Cloud Load Balancers - The Missing Manual


Posted:   |  More posts about rackspace cloud cloud load balancers

The Rackspace Cloud Load Balancers service is pretty simple and for the most part "just works". In using the service however I have found a few items that are not obvious, (e.g. 500 Internal Server Error but nodes are working?), or not given enough attention, (e.g. Node Service Events).

A few things we're going to review.

Health Monitoring/5XX Status

So what happens if all or a few of your nodes in the LB pool are failing? A 500 error, that's what! This of course is a bad thing...

For example, you may see the load balancer give this error:

../galleries/clb_service_unavailable.png

The 500 Internal Server Error [1] means that:

A generic error message, given when an unexpected condition was encountered and no more specific message is suitable.
[1]Wikipedia - List of HTTP status codes

With Cloud Load Balancers this means:

  • Node health monitoring is not enabled for the cloud load balancer.
  • A node or nodes are failing to respond to requests coming from the CLB service.

As a result of no health monitoring, failing nodes will continue to remain in rotation until either the nodes recover or fail completely.

So what can you do?

  • Enable health monitoring, (more info: here and here).
  • Verify the nodes are working as expected, (e.g. the node is online, service running, etc).

There are a few things that could trip you up as well in regard to health monitoring.

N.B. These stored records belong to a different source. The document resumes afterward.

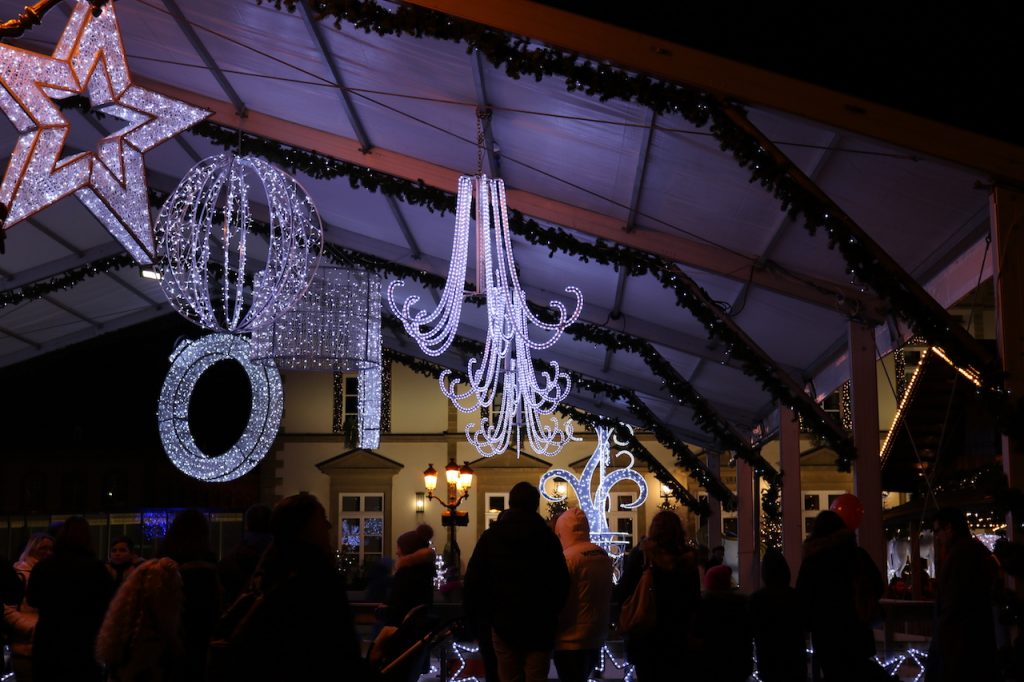 Vorweihnachtliche Atmosphäre auf dem Platz "Knuedler" in Luxemburg-Oberstadt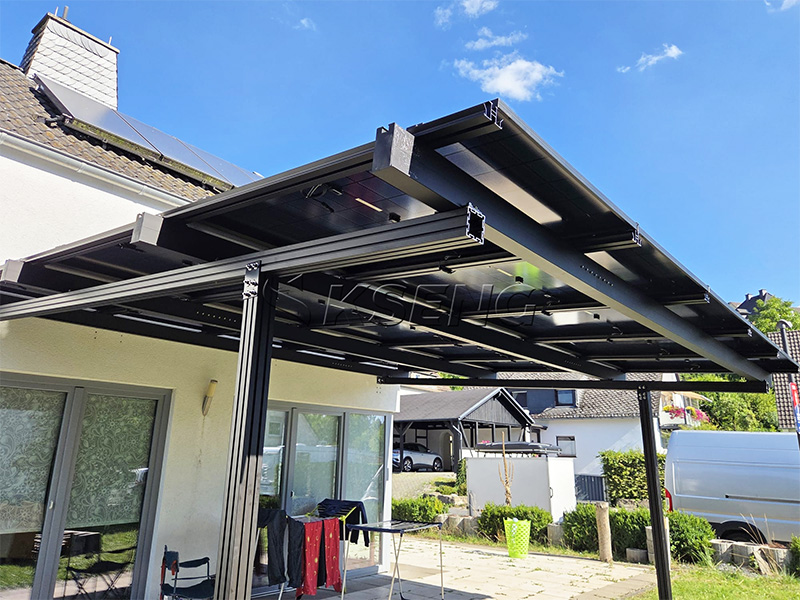 Deutscher Hausbesitzer erreicht m&uuml;helose Solarintegration mit wandmontiertem Pergolasystem aus schwarzem Aluminium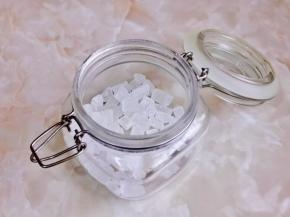 消过毒的密封罐，首先加入一半冰糖。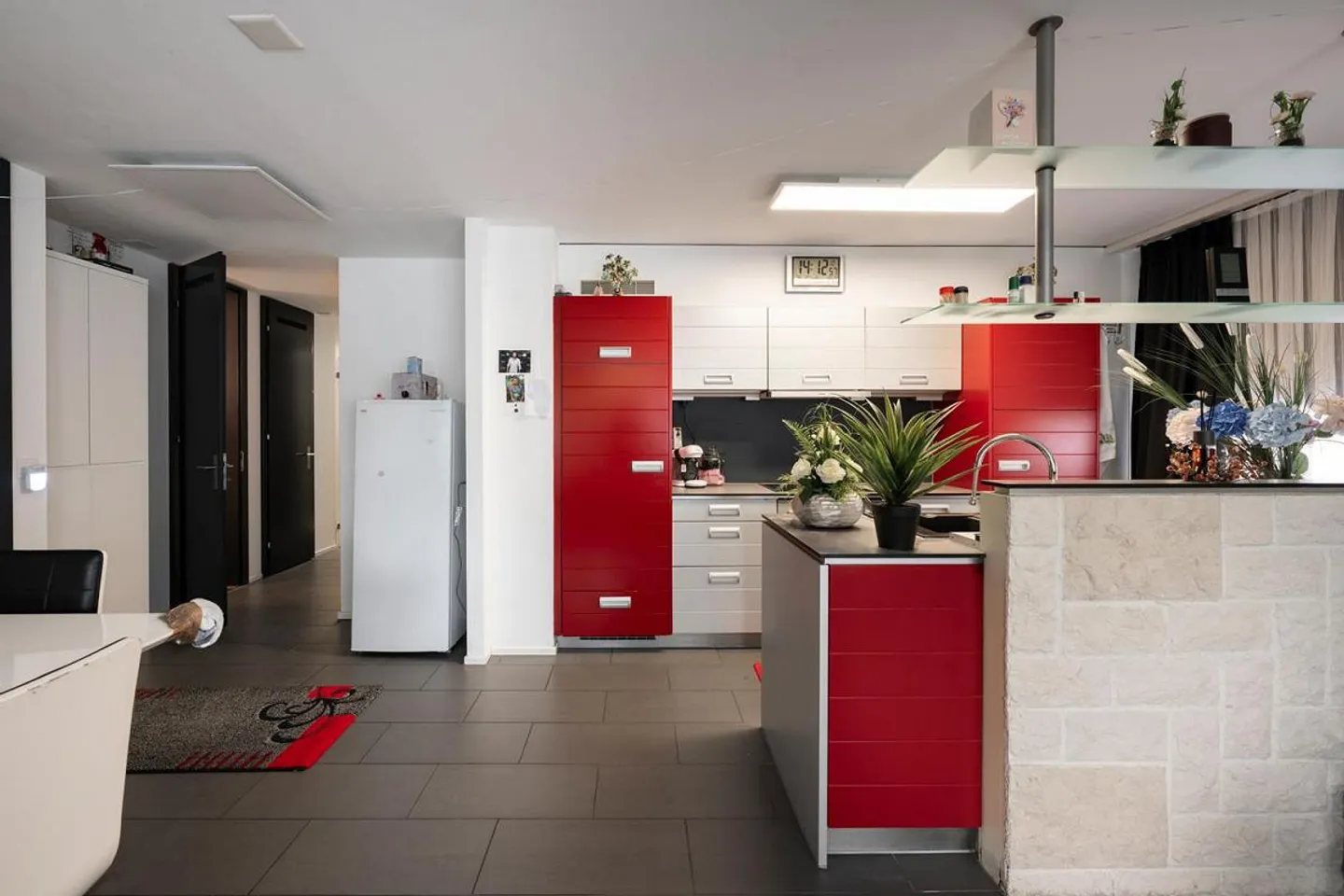 Gewerbefläche und 4.5-Zimmer-Wohnung gemeinsam erwerben - Foto 3 von 11
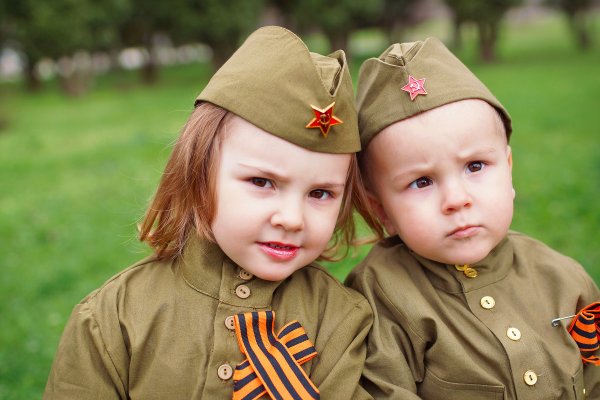 Красная звезда на пилотке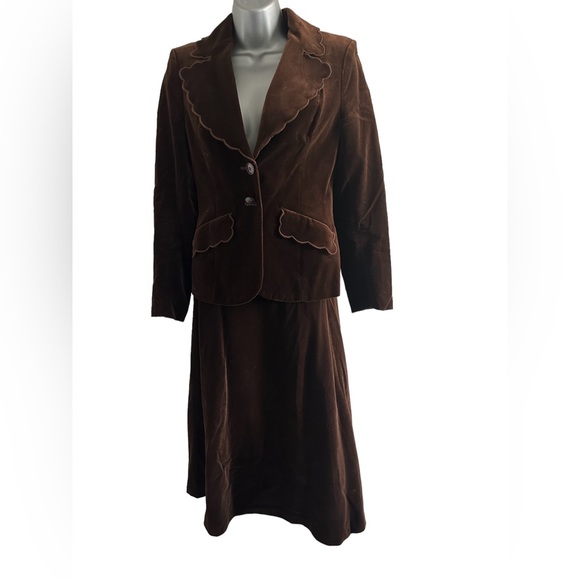 Stephen Marks Dresses & Skirts - Stephen Marks Size 10 brown suede Vintage skirt suit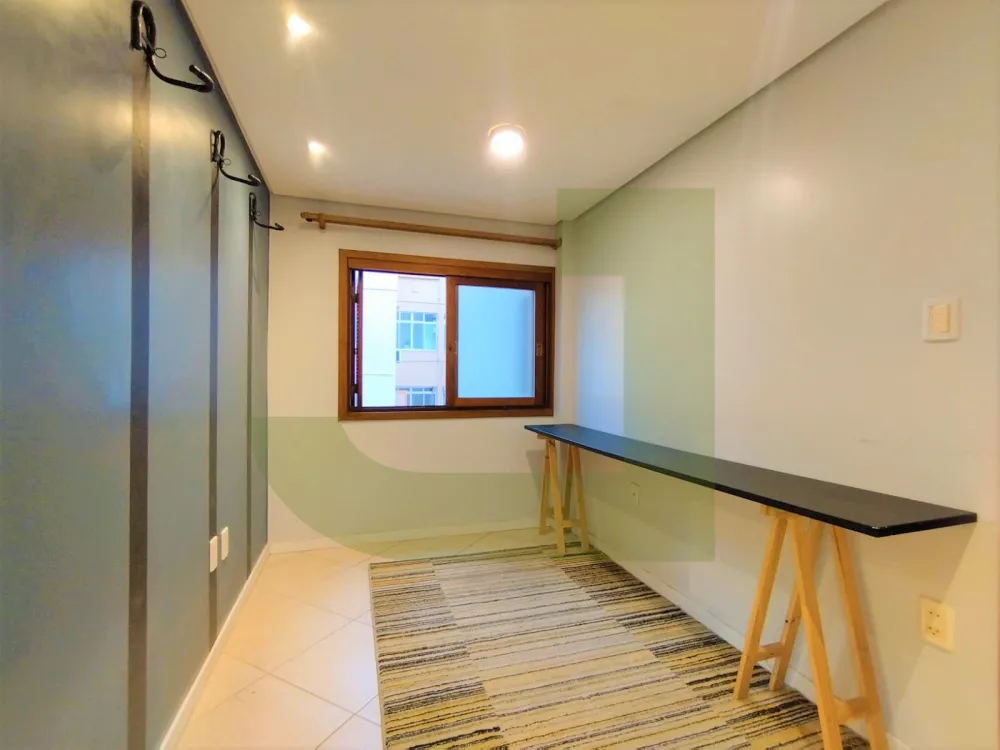 Alugar Apartamento / Padr&atilde;o em S&atilde;o Leopoldo R$ 3.700,00 - Foto 4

A few being:

  • Unsupported body regex. Meaning the CLB's regex matching is pretty simple, so don't try to be too fancy with response pattern matching.
  • The pattern match has to be within the first 2048 bytes of the response. Thus if you're attempting to match a pattern at the bottom of a complex page, the patten won't get matched and the node gets marked as offline. Remember, keep it simple.
  • Unset "host" header. This usually will affect HTTP servers that require the "host" header be set when making a request, (e.g. "host: www.example.com"). For instance, you may find yourself enabling the health monitor and nodes are marked offline immediately. If this happens, update the health monitors configuration and set the "hostHeader" option, (more on this in the Using The CLB API section).
  • Not allowing access to the CLB services source IP addresses. For a list of internal subnets used, see this Rackspace KB.

Update Node Logging

Now that traffic is coming from the load balancer, the nodes logs will be have the source IP of the load balancer. Meaning that rather than seeing the IP of the end-user/client, the IP of the load balancer will be logged. The following provides information on logging the X-Forwarded-For HTTP header that has the end-users IP. The X-Forward-Proto HTTP header may be of some interest as well.

Add Node Hostname Header

This is optional however I recommend it, especially when you're trying to figure out what node in the load balancing pool is having a problem.

Using The CLB API

The Cloud Load Balancers API provides a lot of functionality that isn't provided via the MyCloud Panel. A few we're going to look at are:

API Authentication

The flow for working with any of the Rackspace API's is:

  • Authenticate
  • Token is returned
  • Use token to interact with whatever service

As I mentioned, before moving forward we will need to authenticate to the Rackspace Identity service in order to get a token to use for the API calls. See this Rackspace KB on locating API credentials.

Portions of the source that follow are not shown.